USDA’s Food Safety and Inspection Service (FSIS) has issued new guidance documents for controlling two leading causes of foodborne illness in raw poultry—Campylobacter and Salmonella.
The guidelines provide recommendations on how to minimize each pathogen’s specific risk. The guidelines are an update of the 2015 FSIS guideline and are focused specifically on small establishments; they provide basic recommendations for pre-harvest (poultry farming) and post-harvest (poultry processing) practices to minimize the risk of pathogens.
Darin Detwiler, director of the Master of Science in the Regulatory Affairs of Food and Food Industries program at Northeastern University College of Professional Studies, noted that a key takeaway from the new guidance is that FSIS has removed the word “compliance” from them, so the guidelines do not constitute regulatory requirements. Therefore, the information offered is provided as guidance to assist poultry slaughter and processing establishments and is not legally binding from a regulatory perspective.

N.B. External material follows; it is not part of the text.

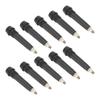 10PCS Hiking Pole Tip Tungsten Steel Anti Slip Better Grip Outdoor for Trails Alley Pathway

“Other takeaways include specific information about antimicrobial concerns that have long served as a topic of contention between the federal regulations and consumer groups,” he tells Food Quality & Safety.
Though the guidelines specifically state that “all poultry establishments may apply the recommendations,” it is important to note the transparency in that the preface also notes that it is “focused on small and very small establishments in support of the Small Business Administration’s initiative to provide small businesses with compliance assistance under the Small Business Regulatory Enforcement Fairness Act.”
“So, we have federal guidelines now that state that they are not really regulatory requirements, that they are not legally binding, and that they don’t apply to the largest of poultry establishments,” Detwiler says.
However, these guidelines allow FSIS to update small poultry farms with the newest science that most medium and large poultry houses already know. The guidelines will continue to be updated as new science, products, and practices are introduced.